2. Load Processed Data:

 - Load test user and review datasets (processed_test_users.csv and processed_test_reviews.csv).
 - Index the data by accommodation_id for efficient filtering.

3. Batch Prediction:

 - Iterate over accommodations in batches of size N.
 - For each batch:
     - Tokenize and encode review and user feature data.
     - Pass the encoded data through their respective models to generate embeddings.
     - Use mean pooling to compute sequence embeddings.

4. Similarity Computation:

 - Compute similarity scores between user-accommodation embeddings and review embeddings.
 - Identify the top 10 most relevant reviews for each user-accommodation pair.

5. Prepare Submission File:

 - Append results to the submission file, ensuring each row contains:
     - accommodation_id
     - user_id
     - The IDs of the top 10 matching reviews (or placeholders if fewer than 10 reviews are available).

6. Optimize Resource Usage:

 - Clear GPU memory (torch.cuda.empty_cache()) after processing each batch to ensure efficient resource usage.

7. Finalize Submission:

 - Add a unique ID column to the submission file.
 - Save the final submission as a CSV file in the specified directory.

In [13]:
import pandas as pd
import torch
from transformers import AutoTokenizer, AutoModel
from tqdm import tqdm
from utils.model_utils import mean_pooling

In [15]:
def prepare_submission(user_accommodation_embeddings, review_embeddings, users_df, reviews_df):
    submission = []

    for idx, row in users_df.iterrows():
        user_id = row['user_id']
        accommodation_id = row['accommodation_id']

        # Get the corresponding embedding
        user_accommodation_embedding = user_accommodation_embeddings[idx]  # Shape: (embedding_dim,)

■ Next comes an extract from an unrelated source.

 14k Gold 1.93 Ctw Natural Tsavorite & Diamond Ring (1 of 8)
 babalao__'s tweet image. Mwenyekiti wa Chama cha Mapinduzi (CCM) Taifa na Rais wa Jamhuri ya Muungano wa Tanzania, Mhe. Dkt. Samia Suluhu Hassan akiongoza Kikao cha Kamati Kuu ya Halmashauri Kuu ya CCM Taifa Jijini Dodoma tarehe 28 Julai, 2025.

        # Find all reviews for this accommodation
        relevant_reviews = reviews_df[reviews_df['accommodation_id'] == accommodation_id]

        if relevant_reviews.empty:
            continue  # No reviews for this accommodation

        # Encode only the relevant reviews
        relevant_review_embeddings = review_embeddings[relevant_reviews.index]  # Shape: (num_reviews_for_accommodation, embedding_dim)

        # Compute similarity scores
        similarity_scores = (relevant_review_embeddings @ user_accommodation_embedding.T).detach().cpu().numpy()

        # Get top 10 most similar reviews
        top_review_indices = similarity_scores.argsort()[-10:][::-1]  # Get top 10 indices

        # Retrieve the corresponding review IDs
        top_review_ids = relevant_reviews.iloc[top_review_indices]['review_id'].tolist()

        # Ensure we have exactly 10 reviews (fill with -1 if not enough)
        while len(top_review_ids) < 10:
            top_review_ids.append(-1)  # Placeholder for missing reviews

        # Store result
        submission.append([accommodation_id, user_id] + top_review_ids)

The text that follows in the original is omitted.